Back on topic, this concurs with what many carbon dosers have learned: nutrients that are too low bleach out corals and elevated nutrients result in high zoox concentrations that result in a brown appearance.

If I can rephrase because I think you left out an important caveat: When the species of coral under this study were under thermal stress, coral under high phosphate water avoided bleaching through increased phosphate uptake. These coral were significantly less bleached than under low phosphate conditions. When no thermal stress is present, phosphate levels do not matter.

Not sure what the issue is, the concentration is given in the quote: 2 μM phosphate.

Some quick math converts the 2 μM to about 0.2 ppm PO4.
winner winner

Interesting that thermal stress resulting in bleaching of coral was avoided due to higher phosphate uptake.

Twenty years ago, industrial wastewater research showed that when aerobic bacteria were stressed with low oxygen, these bacteria up took and maintained higher phosphate concentrations.

Interesting that thermal stress resulting in bleaching of coral was avoided due to higher phosphate uptake.

Twenty years ago, industrial wastewater research showed that when aerobic bacteria were stressed with low oxygen, these bacteria up took and maintained higher phosphate concentrations.
So, you think maybe the issue isn't temperature, but lower dissolved oxygen due to higher temperature?

This leads me to a question.
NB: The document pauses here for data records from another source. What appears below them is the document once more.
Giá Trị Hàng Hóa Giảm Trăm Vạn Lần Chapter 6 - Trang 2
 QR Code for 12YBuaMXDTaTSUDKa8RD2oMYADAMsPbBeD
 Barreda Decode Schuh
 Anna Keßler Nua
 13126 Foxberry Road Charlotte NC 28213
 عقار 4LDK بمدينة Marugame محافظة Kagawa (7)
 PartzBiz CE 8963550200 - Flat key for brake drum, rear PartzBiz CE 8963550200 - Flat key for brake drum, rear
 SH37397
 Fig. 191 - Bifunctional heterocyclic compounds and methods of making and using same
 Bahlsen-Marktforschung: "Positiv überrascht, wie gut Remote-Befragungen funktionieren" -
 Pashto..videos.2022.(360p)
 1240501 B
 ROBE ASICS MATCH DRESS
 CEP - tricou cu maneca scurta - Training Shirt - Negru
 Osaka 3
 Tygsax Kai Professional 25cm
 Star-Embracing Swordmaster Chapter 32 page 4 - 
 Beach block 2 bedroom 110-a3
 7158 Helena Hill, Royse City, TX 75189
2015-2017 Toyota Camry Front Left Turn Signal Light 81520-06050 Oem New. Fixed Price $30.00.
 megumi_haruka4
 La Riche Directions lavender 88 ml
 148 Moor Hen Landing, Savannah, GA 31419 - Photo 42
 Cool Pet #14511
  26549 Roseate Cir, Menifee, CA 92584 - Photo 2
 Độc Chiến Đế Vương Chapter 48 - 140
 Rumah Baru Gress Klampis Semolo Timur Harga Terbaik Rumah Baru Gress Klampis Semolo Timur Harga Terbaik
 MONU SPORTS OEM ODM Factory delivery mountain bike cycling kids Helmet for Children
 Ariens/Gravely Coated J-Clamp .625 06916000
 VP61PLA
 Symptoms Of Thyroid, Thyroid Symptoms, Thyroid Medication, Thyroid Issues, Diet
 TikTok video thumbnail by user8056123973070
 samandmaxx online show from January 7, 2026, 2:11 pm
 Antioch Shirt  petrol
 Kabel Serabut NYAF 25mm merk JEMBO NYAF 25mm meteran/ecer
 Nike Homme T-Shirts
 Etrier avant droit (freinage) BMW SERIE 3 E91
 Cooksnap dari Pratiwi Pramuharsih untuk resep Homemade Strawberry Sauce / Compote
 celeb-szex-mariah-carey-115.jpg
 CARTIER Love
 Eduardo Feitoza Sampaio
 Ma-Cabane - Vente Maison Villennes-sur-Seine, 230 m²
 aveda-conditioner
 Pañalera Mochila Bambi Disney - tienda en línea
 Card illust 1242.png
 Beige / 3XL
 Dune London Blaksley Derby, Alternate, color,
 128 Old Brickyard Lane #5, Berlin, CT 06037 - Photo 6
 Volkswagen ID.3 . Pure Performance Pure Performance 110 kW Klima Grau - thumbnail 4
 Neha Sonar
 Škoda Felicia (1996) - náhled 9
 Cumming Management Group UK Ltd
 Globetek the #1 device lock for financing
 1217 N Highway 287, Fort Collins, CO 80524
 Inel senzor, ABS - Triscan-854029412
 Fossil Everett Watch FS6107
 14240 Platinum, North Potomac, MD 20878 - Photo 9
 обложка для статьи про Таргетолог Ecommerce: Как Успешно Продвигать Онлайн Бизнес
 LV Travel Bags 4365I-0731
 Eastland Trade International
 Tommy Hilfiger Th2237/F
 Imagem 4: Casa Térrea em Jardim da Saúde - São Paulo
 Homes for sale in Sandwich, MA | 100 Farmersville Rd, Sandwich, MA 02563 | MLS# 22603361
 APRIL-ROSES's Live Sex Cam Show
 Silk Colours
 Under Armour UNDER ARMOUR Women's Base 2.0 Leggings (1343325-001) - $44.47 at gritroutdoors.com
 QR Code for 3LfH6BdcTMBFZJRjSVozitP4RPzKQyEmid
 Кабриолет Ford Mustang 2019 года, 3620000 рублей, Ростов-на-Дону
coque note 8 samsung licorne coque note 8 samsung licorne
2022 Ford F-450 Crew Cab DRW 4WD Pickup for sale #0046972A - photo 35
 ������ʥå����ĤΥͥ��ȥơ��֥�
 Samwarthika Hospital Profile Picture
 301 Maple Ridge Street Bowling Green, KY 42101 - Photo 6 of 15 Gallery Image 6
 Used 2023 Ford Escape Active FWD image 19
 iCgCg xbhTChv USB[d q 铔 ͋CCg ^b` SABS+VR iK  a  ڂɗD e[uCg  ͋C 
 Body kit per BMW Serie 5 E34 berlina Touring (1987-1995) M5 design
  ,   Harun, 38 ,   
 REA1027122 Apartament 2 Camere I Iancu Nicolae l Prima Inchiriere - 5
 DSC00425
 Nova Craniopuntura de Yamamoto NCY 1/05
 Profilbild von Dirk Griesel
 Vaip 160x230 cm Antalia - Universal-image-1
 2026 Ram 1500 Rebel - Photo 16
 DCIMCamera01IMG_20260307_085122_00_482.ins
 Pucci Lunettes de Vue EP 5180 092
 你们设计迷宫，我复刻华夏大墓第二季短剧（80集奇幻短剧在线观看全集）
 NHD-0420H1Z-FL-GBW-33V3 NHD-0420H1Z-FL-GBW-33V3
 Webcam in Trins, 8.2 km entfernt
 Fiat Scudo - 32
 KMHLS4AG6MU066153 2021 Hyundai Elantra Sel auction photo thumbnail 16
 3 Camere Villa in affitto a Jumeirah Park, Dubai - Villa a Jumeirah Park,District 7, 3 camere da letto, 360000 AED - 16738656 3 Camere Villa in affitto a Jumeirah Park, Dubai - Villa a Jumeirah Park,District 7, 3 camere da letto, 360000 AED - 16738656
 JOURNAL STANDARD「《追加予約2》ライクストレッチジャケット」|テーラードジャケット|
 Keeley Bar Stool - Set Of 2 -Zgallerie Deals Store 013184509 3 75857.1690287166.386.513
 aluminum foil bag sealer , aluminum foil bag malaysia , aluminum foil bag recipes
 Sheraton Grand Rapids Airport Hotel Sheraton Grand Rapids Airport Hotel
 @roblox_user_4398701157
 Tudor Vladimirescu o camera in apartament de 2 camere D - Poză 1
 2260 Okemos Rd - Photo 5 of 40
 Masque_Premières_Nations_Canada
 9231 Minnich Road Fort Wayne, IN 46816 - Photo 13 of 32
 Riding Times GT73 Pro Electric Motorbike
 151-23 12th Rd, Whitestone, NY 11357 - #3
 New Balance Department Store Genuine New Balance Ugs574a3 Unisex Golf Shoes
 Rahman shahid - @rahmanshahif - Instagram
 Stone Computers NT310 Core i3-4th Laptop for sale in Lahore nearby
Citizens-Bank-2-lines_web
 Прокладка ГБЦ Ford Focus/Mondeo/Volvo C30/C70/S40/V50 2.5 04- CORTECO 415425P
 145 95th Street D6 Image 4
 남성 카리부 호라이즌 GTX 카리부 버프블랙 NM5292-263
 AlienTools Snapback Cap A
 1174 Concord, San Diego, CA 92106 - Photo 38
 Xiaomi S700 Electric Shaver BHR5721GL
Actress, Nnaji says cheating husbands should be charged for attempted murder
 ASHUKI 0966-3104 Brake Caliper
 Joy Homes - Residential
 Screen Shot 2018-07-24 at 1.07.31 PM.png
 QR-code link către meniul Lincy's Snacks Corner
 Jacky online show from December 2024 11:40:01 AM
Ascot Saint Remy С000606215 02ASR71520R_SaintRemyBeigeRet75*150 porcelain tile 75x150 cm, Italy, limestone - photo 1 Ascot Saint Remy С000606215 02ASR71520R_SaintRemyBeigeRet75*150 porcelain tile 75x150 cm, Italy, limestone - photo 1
How far from saturation are oxygen levels in a tank and in the ocean?

I can't say I'm surprised. This paper on nutrient imbalance (http://www.indiaenvironmentportal.org.in/files/file/Nutrient%20enrichment.pdf) showed an internal PO4 level below .07 mg/l could cause corals to be very susceptible to bleaching. Only a tiny fraction of reefs have PO4 levels below .05 mg/l. The average is .13 mg/l and contrary to what is commonly believed surface PO4 levels can be .5 mg/l or higher (look at fig. 3 here (http://citeseerx.ist.psu.edu/viewdoc/download?doi=10.1.1.501.2065&rep=rep1&type=pdf))

So, you think maybe the issue isn't temperature, but lower dissolved oxygen due to higher temperature?

This leads me to a question. How far from saturation are oxygen levels in a tank and in the ocean?



With respect to oxygen saturation levels in reef tanks, I can only say it depends on the tank. It is probably the least talked about parameter, yet, the most important.

Actually, I was alluding to the fact that the phosphate molecule has an important function in the biochemistry of reef inhabitants starting with the bacteria.